To make Splash and Smart Proxy Manager work together, you'll need to pass a Lua script similar to this example to Splash's /execute endpoint. This script will configure Splash to use Smart Proxy Manager as a proxy and will also perform some optimizations, such as disabling images and avoiding some sorts of requests. It will also make sure that the Splash requests go through the same IP address, by creating a Smart Proxy Manager session.

In order to make it work, you have to provide your Smart Proxy Manager API key via the crawlera_user argument for your Splash requests (example). Or, if you prefer, you could hardcode your API key in the script.

Using Splash + Smart Proxy Manager with Scrapy via scrapy-splash

Let's dive into an example to see how to use Smart Proxy Manager and Splash in a Scrapy spider via scrapy-splash (for the full working example, check this repo).

This is the project structure:

├── scrapy.cfg
├── setup.py
└── splash_smart_proxy_manager_example
    ├── __init__.py
    ├── settings.py
    ├── scripts
    │   └── smart_proxy_manager.lua
    └── spiders
        ├── __init__.py
        └── quotes-js.py

A few details about the files listed above:

settings.py: contains the configurations for both Smart Proxy Manager and Splash, including the API keys required for authorization (note that Smart Proxy Manager should be disabled in the settings, since routing requests to Smart Proxy Manager is handled by the Lua script mentioned below).
scripts/smart_proxy_manager.lua: the Lua script that integrates Splash and Smart Proxy Manager.
spiders/quote-js.py: the spider that needs Splash and Smart Proxy Manager for its requests. This spider loads the Lua script into a string and sends it along with its requests.

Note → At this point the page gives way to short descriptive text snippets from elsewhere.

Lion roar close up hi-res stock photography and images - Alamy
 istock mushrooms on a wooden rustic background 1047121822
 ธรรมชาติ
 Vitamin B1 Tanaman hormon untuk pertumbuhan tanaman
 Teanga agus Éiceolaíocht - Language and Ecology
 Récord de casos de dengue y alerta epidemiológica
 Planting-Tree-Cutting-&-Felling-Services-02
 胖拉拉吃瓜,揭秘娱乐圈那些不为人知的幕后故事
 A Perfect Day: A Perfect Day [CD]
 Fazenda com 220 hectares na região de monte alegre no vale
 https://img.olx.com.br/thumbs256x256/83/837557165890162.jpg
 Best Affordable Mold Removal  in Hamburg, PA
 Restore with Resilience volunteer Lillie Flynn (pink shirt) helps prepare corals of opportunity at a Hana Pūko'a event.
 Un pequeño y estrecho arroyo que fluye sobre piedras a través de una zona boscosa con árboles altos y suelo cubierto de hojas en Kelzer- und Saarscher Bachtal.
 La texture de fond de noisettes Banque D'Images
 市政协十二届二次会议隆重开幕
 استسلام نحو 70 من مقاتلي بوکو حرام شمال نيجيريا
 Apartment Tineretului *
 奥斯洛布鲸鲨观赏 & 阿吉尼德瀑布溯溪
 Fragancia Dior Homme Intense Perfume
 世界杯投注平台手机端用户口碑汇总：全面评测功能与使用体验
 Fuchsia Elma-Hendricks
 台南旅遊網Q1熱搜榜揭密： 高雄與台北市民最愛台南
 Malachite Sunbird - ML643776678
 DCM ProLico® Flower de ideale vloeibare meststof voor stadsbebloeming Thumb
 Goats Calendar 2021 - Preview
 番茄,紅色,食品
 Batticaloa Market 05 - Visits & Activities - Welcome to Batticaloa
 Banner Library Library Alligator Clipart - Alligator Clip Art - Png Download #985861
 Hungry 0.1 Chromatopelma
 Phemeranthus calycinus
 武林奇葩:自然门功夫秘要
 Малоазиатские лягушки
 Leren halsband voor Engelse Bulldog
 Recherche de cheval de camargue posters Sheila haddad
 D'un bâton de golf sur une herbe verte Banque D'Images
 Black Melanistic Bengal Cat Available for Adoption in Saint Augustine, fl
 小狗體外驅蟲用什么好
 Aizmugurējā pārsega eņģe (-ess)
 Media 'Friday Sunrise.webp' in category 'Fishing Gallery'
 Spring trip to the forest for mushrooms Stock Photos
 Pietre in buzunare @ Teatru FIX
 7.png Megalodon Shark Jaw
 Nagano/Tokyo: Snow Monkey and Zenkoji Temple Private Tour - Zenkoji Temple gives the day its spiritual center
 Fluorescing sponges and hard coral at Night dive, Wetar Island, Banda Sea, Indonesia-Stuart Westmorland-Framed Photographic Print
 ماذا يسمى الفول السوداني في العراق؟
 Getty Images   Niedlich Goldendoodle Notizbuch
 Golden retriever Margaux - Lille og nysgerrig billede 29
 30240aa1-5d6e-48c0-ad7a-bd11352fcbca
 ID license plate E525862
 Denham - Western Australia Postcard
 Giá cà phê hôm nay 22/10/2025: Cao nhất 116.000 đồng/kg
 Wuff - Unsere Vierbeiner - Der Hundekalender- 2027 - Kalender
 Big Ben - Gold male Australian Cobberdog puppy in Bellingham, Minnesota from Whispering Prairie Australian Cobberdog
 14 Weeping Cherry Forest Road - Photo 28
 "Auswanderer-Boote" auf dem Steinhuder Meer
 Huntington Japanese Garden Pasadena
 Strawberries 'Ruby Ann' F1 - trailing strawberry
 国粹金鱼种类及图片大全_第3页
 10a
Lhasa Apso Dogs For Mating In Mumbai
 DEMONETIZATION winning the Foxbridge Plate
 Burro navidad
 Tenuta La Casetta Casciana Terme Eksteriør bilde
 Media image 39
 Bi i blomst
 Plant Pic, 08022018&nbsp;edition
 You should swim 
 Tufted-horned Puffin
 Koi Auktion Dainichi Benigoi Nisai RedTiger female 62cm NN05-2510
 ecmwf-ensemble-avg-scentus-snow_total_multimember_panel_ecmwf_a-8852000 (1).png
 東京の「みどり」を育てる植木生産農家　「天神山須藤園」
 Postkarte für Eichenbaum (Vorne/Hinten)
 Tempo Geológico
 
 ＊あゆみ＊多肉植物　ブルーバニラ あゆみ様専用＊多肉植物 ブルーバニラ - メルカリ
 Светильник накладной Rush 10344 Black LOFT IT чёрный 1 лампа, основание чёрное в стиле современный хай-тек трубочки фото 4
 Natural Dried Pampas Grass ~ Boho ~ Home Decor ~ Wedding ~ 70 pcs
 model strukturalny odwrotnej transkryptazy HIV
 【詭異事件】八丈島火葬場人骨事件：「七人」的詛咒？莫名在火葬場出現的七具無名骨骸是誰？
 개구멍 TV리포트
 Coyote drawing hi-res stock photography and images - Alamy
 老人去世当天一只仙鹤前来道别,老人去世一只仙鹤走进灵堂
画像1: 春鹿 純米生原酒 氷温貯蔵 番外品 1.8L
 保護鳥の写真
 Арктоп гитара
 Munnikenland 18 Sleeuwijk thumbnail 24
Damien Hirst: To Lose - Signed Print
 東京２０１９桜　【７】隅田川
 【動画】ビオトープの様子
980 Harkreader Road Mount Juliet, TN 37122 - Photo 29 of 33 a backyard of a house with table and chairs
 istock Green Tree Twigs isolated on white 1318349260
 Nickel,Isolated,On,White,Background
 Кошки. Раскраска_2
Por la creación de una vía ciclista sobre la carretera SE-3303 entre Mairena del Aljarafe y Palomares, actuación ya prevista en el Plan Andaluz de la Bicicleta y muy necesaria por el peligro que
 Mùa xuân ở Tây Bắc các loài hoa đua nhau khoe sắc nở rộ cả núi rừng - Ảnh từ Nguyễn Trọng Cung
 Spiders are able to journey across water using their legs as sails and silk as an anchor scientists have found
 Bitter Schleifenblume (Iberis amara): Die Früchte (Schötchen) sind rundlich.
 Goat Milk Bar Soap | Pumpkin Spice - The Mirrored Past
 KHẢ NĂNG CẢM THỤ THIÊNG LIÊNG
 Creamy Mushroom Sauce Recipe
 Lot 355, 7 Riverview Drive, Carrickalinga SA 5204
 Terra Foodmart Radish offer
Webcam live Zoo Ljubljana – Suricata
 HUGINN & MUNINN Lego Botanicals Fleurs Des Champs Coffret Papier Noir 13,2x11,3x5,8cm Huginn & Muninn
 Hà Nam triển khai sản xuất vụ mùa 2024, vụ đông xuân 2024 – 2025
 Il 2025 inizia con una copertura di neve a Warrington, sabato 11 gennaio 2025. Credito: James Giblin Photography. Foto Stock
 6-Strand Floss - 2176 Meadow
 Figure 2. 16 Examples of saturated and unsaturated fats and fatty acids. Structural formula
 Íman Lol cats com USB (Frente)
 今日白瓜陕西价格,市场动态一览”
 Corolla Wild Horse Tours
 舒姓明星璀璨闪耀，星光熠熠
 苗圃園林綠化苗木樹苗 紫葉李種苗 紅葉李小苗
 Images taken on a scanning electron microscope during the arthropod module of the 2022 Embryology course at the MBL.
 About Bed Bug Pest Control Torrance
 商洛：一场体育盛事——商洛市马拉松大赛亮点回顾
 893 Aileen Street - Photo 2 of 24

In our spider, we load the Lua script into a string in the __init__ method:

self.LUA_SOURCE = get_data(
    'splash_smart_proxy_manager_example', 'scripts/smart_proxy_manager.lua'
).decode('utf-8')

Note: to load the script from a file both locally and on Scrapy Cloud, you have to include the Lua script in your package's setup.py file, as shown below:

from setuptools import setup, find_packages

setup(
    name = 'project',
    version = '1.0',
    packages = find_packages(),
    package_data = {'splash_smart_proxy_manager_example': ['scripts/*.lua',]},
    entry_points = {'scrapy': ['settings = splash_smart_proxy_manager_example.settings']},
)

Once we have the Lua script loaded in our spider, we pass it as an argument to the SplashRequest objects, along with Smart Proxy Manager's and Splash's credentials (authorization with Splash can be also be done via http_user setting):

yield SplashRequest(
    url='http://quotes.toscrape.com/js',
    endpoint='execute',
    splash_headers={
        'Authorization': basic_auth_header(self.settings['SPLASH_APIKEY'], ''),
    },
    args={
        'lua_source': self.LUA_SOURCE,
        'crawlera_user': self.settings['CRAWLERA_APIKEY'],
    },
    cache_args=['lua_source'],
)

And that's it. Now, this request will go through your Splash instance, and Splash will use Smart Proxy Manager as its proxy to download the pages and resources you need.

Customizing the Lua Script

You can go further and customize the Lua script to fit your exact requirements. In the example provided here, we commented out some lines that filter requests to useless resources or undesired domains. You can uncomment those and customize them to your own needs. Check out Splash's official docs to lean more about scripting.

A working example for Scrapy Cloud

You can find a working example of a Scrapy project using Splash and Smart Proxy Manager in this repository. The example is ready to be executed on Scrapy Cloud.